It’s no secret that remote work has surged over the last few years. And that flexibility gave a lot of people the freedom to move — and work — from wherever they wanted.

But now, a growing number of companies are requiring employees to return to the office. And that’s leading some people to make decisions about where they live and if they need to move.

How Return-to-Work Policies Are Impacting Housing

During the rise of remote work, a lot of employees took the opportunity to move away from expensive or crowded city centers. Some opted for suburban neighborhoods and larger homes with yards, while others relocated to more rural areas. But lately, more people are returning to the city.

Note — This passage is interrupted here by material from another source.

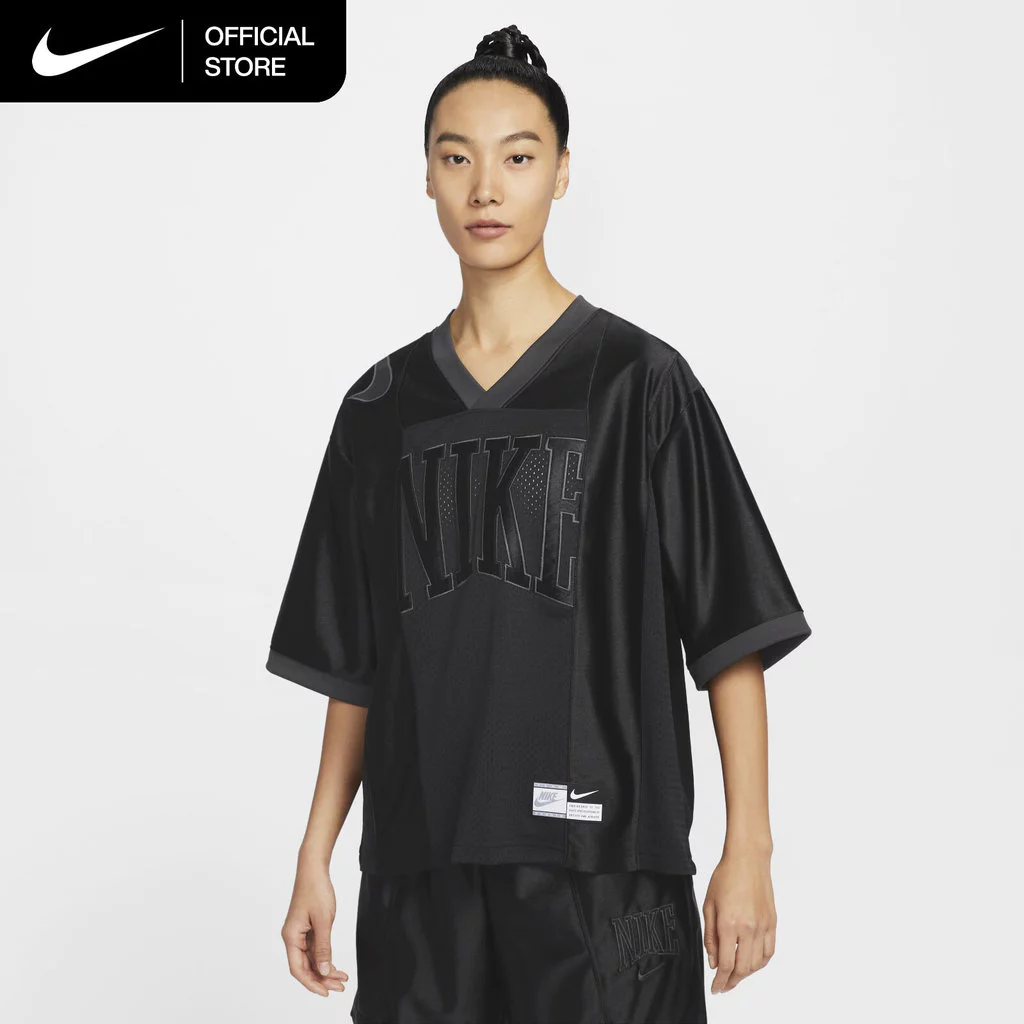 Nike Women's Sportswear Street Oversized Short-Sleeve Graphic Jersey Top - Black [HJ0281-010]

And according to data from Bright MLS, more than half of workers surveyed would have to rethink where they live or deal with long drive times if their job enforced a return-to-office policy (see chart below):

a pie chart with text on it with Crust in the backgroundAnd maybe you’re one of them. If you moved farther out of the city during the work-from-home era, you may be facing a longer commute that you never expected to make daily. Once you've done it a few times, you might find it’s something you can get used to and isn’t as bad as you may have thought.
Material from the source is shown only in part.